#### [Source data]
= = =

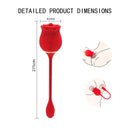 2 in 1 Long Rose Sucking Vibrator Red - xbelo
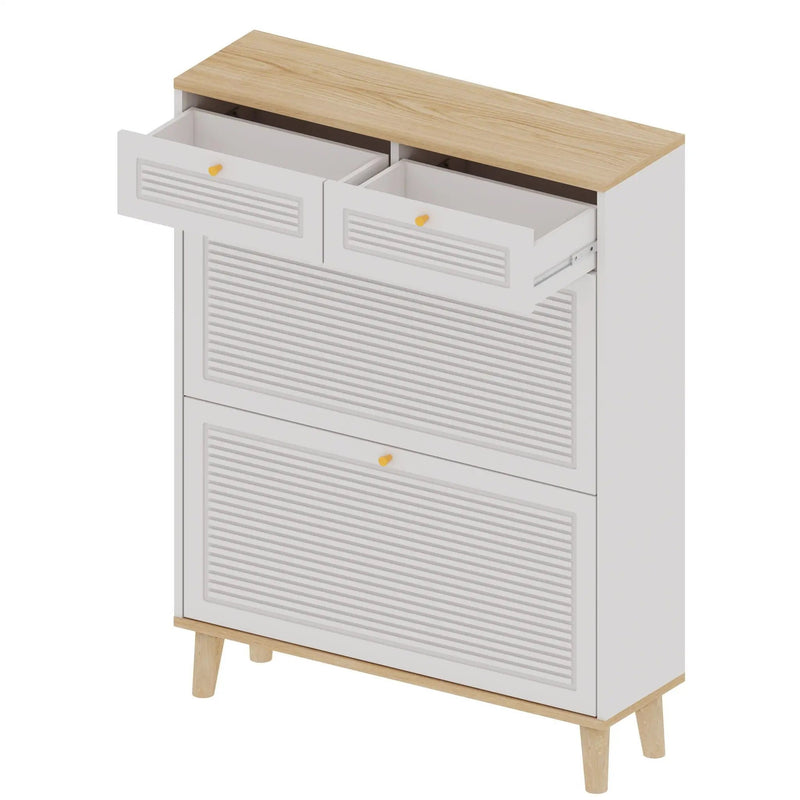 Modern Freestanding Shoe Cabinet With Flip Up Doors And Drawers, Compact Design For Entryway - White Natural by HouseOfZazla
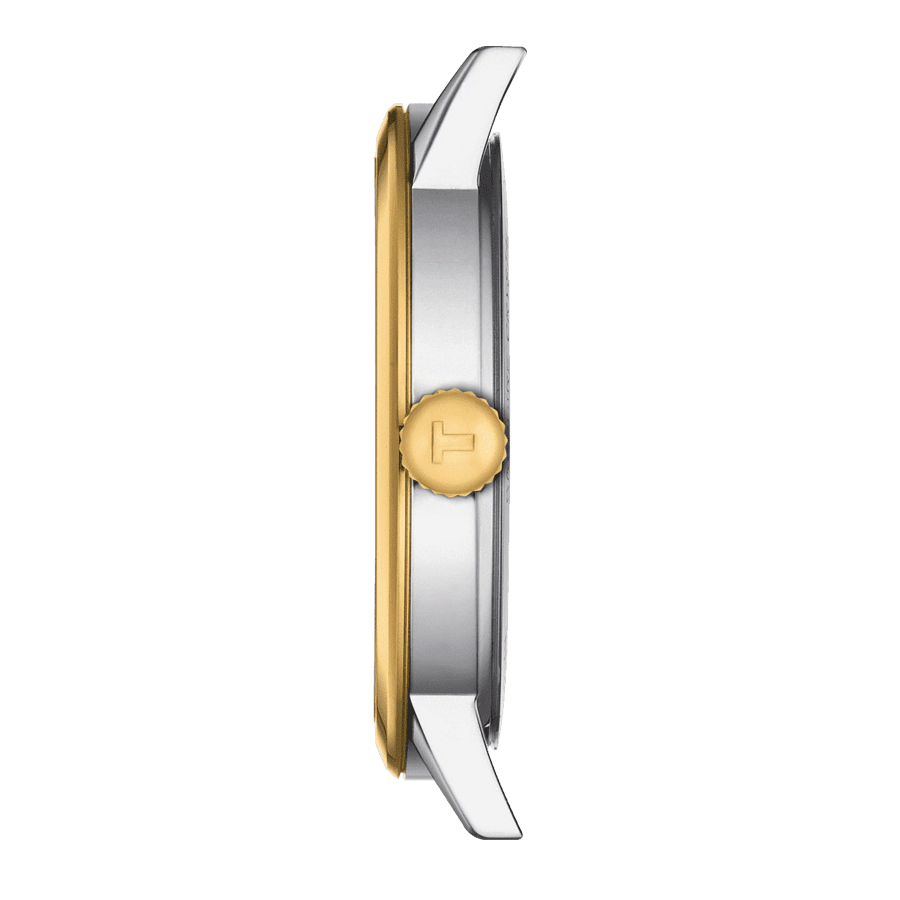 Montre Tissot Classic Dream quartz couleur or jaune cadran argent bracelet acier 42 mm T129.410.22.031.00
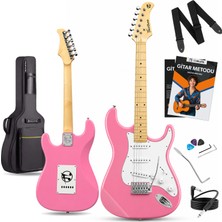 Fourtune Atlas EG-1000PK Maple Klavye Strat Kasa Sss Pembe Elektro Gitar Seti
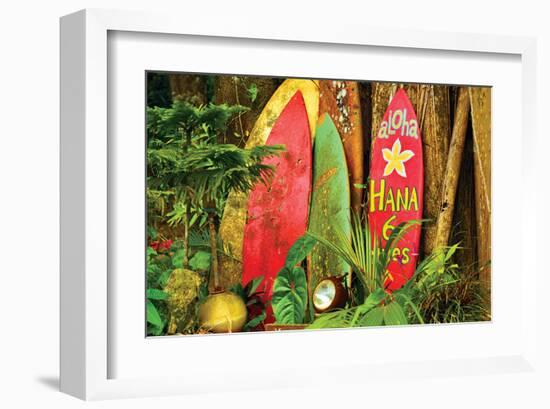 Board in Maui-null-Framed Art Print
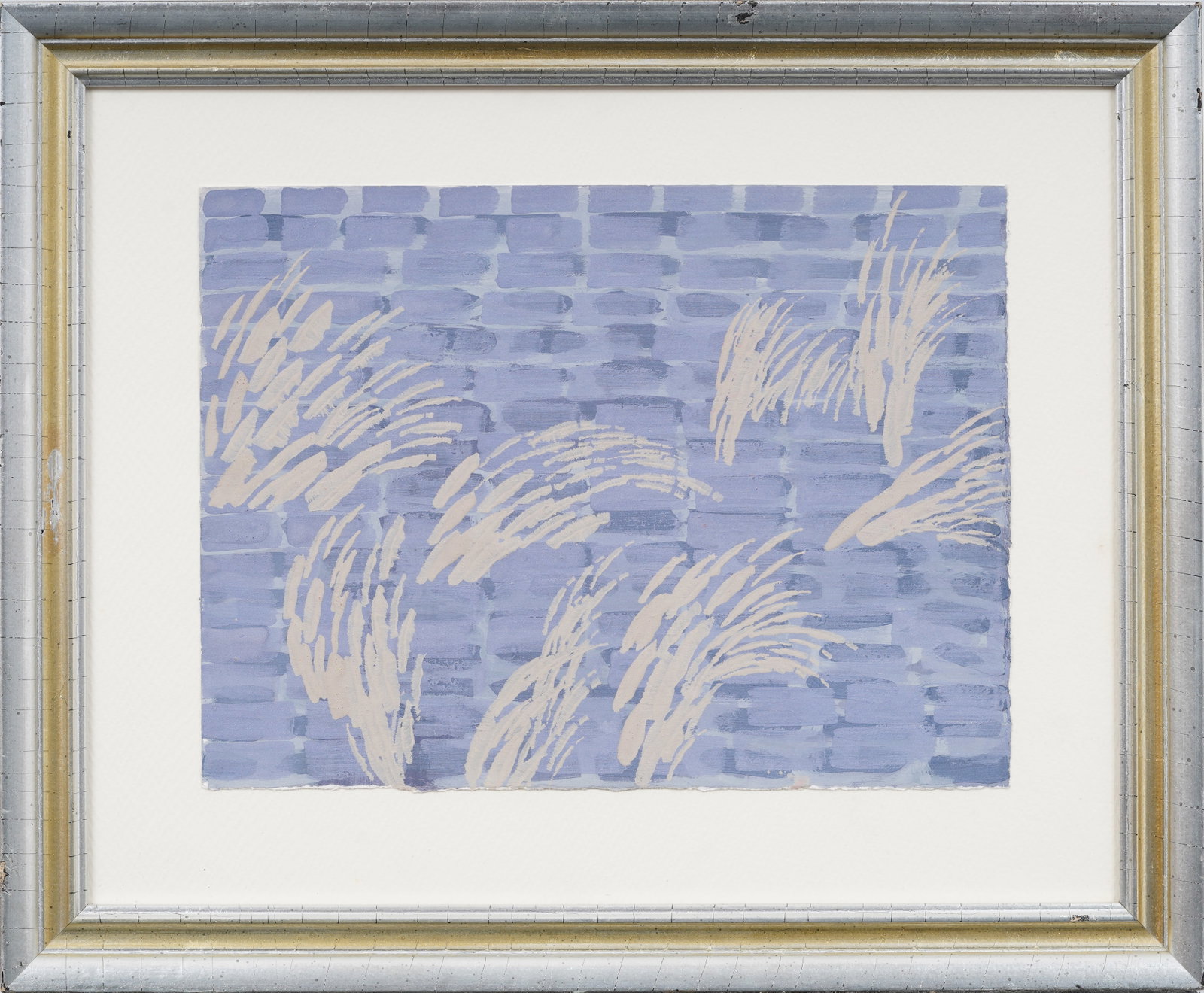 Vintage American Abstract Framed Modernist Original Painting: Vintage American oil painting. Mixed media on paper. Framed. Measuring: 15 by 18 inches overall, and 9 by 11.75 painting alone. Please see all images for condition. Size is measured and written on the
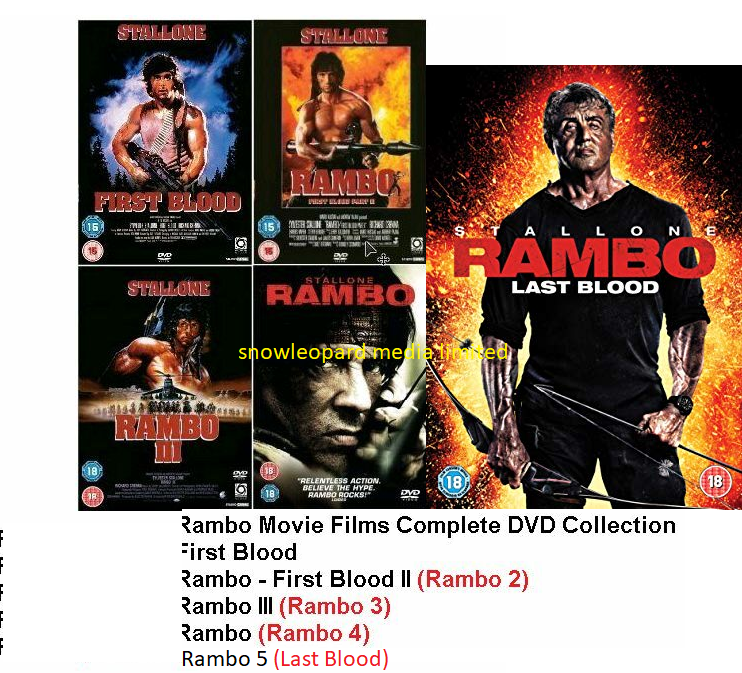 RAMBO 1-5 DVD COMPLETE COLLECTION 1 2 3 4 5 MOVIE FILM Brand New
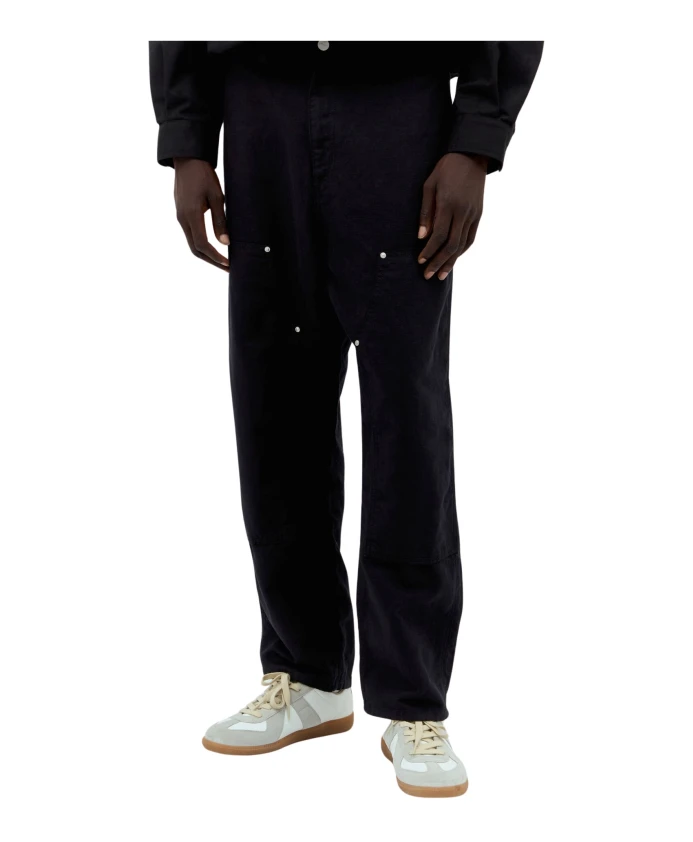 

Льняные брюки с двойным коленом Carhartt Wip, черный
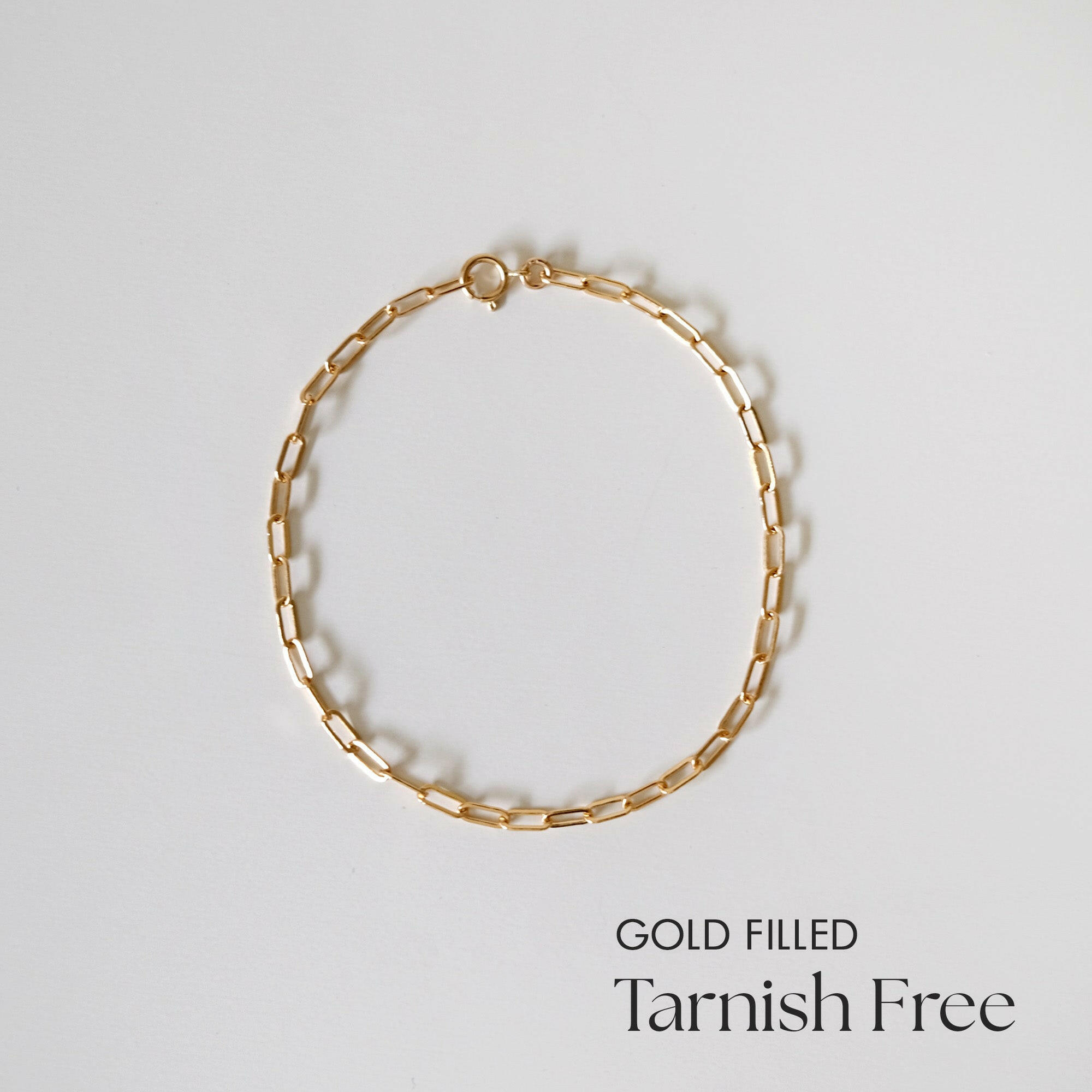 Flat lay of Gold Filled 45243 Link Chain Bracelet showcasing elongated oval links
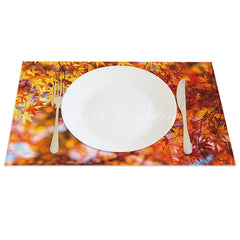 Lofaris Modern Autumn Fall Foliage Print Set of 4 Placemats for Thanksgiving Dinner and Seasonal Kitchen Table Decor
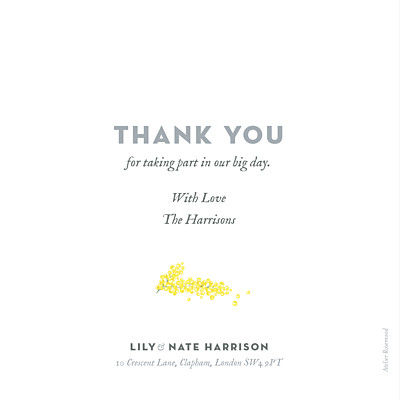 Wedding Thank You Cards Mimosa yellow finition Wedding Thank You Cards Mimosa yellow finition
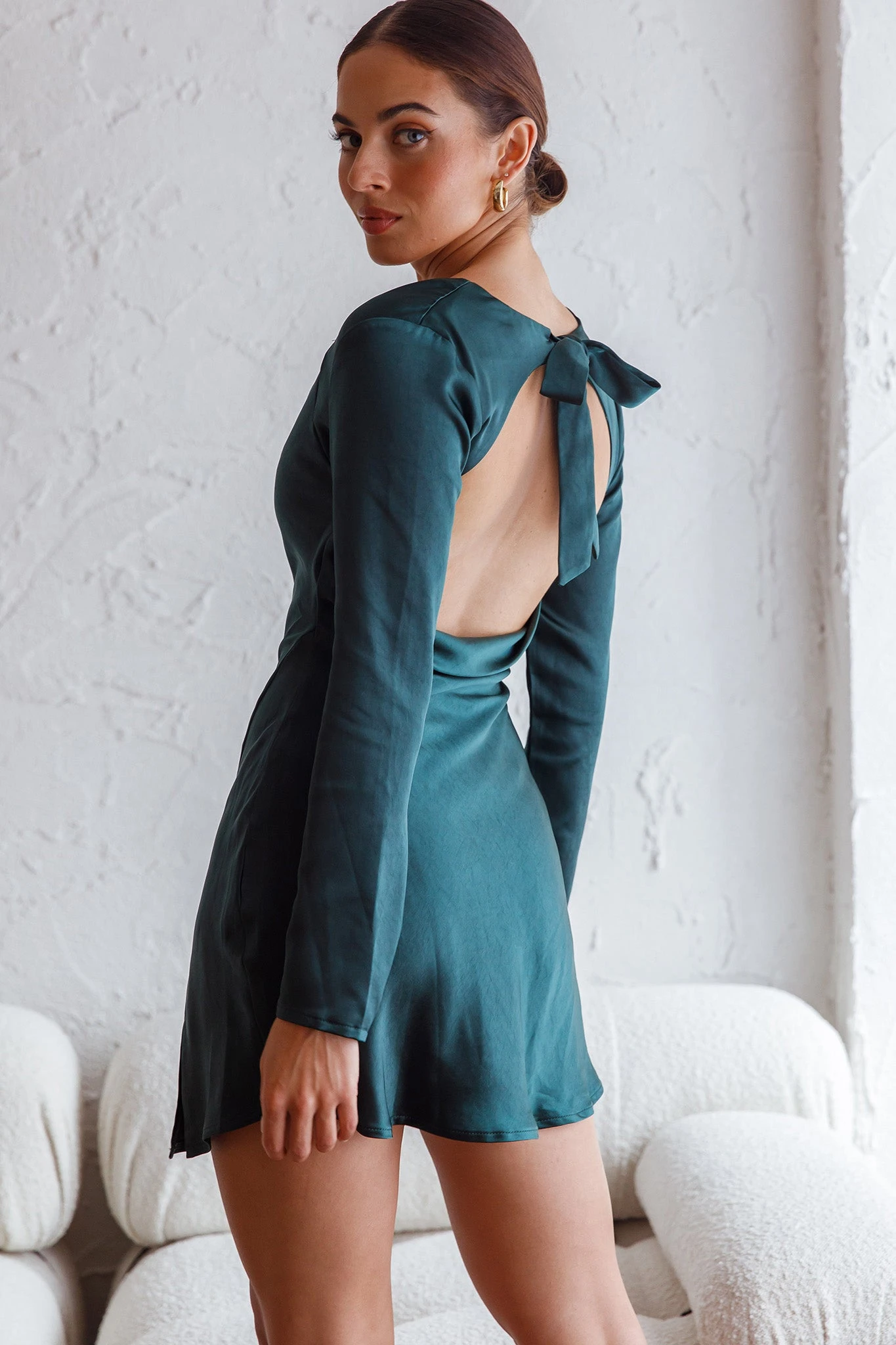 Champs Elysees Long Sleeve Open Back Mini Dress Forest Green - Image 2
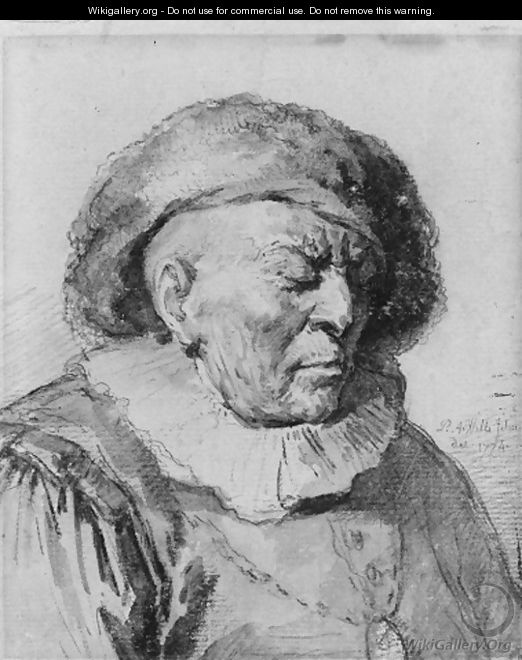 Portrait of an actor closing his eyes, bust-length - Pierre-Alexandre Wille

= = =

#### [Problem]
Set out, exactly as given, the line that contains "Flat lay of" along with each line after it through the end of the records above; omit the pictures.

#### [Exercise solution]
 Flat lay of Gold Filled 45243 Link Chain Bracelet showcasing elongated oval links
 Lofaris Modern Autumn Fall Foliage Print Set of 4 Placemats for Thanksgiving Dinner and Seasonal Kitchen Table Decor
 Wedding Thank You Cards Mimosa yellow finition Wedding Thank You Cards Mimosa yellow finition
 Champs Elysees Long Sleeve Open Back Mini Dress Forest Green - Image 2
 Portrait of an actor closing his eyes, bust-length - Pierre-Alexandre Wille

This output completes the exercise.